Sunday 6 April 2014

Homesick - A Very Short Story

Sydney took in a gulp of air. He had barely been inside 5 minutes and already he felt like he was suffocating. The space felt too small, the light unnatural and the odor of fresh paint was enough to make him dizzy and disorientated. Clearly they had brought him here for a reason, and though he came willingly he was already regretting his decision. He longed for the woodland and the shelter of the trees. He craved the damp coolness of the forest air and the gentle crunch of the autumn leaves underfoot. He looked up and saw nothing but the ceiling to this cage, providing a window to the monotony of the grizzly sky which looked dark and forboding. The droplets clattered against the glass and then chased eachother off the sloping roof. A storm was coming. He sighed heavily and pushed his dense curls from his face. "I suppose I had better make the best of this, after all it isn't going to be forever," he promised himself aloud. He looked around the room, slowly drinking in its contents. He knew they had designed it to make him feel at home, but it just seemed absurd and menacing to him. To his left was the "watering hole," a blue pool of fresh water surrounded by a bank of foliage and mud. Only the bank stopped right at the edge of the circle of water. He could tell instantly it was man made: Nothing in the forest was this calculated, this exact. The circle was perfect and the water was calm and crystal clear. He found its precision unnerving. As he continued to explore this impossible room he began to feel increasingly ill at ease, there was not a sound except for his footsteps.
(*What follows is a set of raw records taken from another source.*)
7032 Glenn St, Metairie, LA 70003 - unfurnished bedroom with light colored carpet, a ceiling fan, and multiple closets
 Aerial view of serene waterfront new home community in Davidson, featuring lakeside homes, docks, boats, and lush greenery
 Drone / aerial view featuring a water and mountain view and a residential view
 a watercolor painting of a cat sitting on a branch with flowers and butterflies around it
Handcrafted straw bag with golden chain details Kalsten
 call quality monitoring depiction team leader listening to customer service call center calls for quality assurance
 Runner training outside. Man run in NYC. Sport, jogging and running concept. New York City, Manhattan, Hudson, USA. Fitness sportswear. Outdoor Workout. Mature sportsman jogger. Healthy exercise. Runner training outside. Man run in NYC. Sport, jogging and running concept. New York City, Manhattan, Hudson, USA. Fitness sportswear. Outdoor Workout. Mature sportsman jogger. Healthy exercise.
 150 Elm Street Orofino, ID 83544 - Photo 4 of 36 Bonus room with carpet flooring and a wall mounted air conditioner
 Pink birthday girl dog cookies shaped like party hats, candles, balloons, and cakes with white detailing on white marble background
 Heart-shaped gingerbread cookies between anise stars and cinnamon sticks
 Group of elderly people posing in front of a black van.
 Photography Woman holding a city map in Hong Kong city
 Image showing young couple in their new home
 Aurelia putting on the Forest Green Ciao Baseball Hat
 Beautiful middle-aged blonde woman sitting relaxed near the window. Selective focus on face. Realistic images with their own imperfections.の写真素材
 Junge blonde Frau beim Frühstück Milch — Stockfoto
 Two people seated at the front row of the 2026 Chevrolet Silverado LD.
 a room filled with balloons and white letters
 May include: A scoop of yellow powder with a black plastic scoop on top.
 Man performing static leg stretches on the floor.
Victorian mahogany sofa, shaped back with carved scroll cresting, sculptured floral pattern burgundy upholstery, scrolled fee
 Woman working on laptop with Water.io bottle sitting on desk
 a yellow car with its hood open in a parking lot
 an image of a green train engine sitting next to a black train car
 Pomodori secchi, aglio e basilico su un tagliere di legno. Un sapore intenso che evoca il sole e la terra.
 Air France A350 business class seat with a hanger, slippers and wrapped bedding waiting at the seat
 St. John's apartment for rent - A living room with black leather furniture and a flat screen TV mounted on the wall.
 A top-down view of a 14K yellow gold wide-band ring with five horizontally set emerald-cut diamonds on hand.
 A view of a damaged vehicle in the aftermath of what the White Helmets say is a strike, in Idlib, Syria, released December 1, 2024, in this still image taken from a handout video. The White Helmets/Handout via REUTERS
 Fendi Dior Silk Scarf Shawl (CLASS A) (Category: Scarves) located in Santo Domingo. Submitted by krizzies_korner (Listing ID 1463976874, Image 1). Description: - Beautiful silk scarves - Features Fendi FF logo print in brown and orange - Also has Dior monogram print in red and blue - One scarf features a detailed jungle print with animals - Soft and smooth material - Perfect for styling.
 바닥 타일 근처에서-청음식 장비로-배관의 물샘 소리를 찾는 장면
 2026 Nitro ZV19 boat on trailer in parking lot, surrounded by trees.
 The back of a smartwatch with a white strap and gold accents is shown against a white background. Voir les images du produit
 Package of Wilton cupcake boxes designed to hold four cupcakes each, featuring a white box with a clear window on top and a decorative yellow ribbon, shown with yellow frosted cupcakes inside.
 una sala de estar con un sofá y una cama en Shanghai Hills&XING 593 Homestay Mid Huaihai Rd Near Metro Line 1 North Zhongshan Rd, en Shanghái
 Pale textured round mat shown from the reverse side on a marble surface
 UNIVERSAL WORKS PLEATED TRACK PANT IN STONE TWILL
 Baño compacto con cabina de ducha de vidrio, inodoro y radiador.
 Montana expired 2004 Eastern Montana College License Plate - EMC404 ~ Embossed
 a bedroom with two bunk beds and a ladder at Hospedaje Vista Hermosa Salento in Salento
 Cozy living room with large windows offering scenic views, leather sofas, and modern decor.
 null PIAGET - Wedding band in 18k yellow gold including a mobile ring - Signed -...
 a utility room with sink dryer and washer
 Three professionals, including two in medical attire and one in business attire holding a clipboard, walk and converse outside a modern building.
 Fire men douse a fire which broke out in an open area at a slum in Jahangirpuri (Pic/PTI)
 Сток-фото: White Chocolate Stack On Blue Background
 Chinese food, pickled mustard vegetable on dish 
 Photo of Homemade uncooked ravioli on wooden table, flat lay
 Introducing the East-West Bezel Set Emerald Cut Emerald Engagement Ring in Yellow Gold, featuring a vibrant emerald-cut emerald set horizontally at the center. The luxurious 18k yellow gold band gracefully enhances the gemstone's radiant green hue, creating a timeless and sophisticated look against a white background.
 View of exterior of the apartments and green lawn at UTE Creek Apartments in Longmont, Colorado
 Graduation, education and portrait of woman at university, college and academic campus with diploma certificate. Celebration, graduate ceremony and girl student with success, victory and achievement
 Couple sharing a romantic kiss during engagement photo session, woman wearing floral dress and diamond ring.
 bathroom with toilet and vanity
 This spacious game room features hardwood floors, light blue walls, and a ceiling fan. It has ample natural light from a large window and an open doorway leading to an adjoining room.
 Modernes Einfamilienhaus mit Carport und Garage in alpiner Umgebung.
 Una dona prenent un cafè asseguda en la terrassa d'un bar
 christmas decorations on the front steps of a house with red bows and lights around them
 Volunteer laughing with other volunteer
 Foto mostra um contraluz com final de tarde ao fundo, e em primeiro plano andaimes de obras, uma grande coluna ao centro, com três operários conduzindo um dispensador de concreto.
The trees didn't rustle in the way they should, there was no movement in the foliage and the ground underfoot was perfectly soft and smooth. To most people it was nature without the apparent chaos which seemed to accompany it. To him it was human stupidity taken to an worrying new level: Why try to change a system which had survived billions of years? Why try to "perfect" the perfect?

Sydney Price: back in the realms of "civilisation" and it felt every bit the opposite of that. The perfect circles of the pool, the cold, clear blue of the water, the soft ground underfoot, it all had a sinister calculation, designed to advantage those who found nature too "savage." But, that was where beauty thrived in every season: The snowy treetops and the frozen lake which glistened like crystals in the winter sun, the fiery oranges and reds of the autumn leaves falling and the satisfying crunch they made underfoot, the spring flowers blooming in all the colours imaginable, and the summer heat bringing with it blue skies and the promise of happiness. Here it was perpetually a non season: Too cool to be summer, but too humid to be spring. There was no breeze and he could be sure there would never be. All the things he took for granted he was now craving, all the chaos he thought he might escape by entering this unfamiliar world seemed eerily systematic and necessary. Home was where Sydney Price wanted to be and it would never be here. Where ever here was.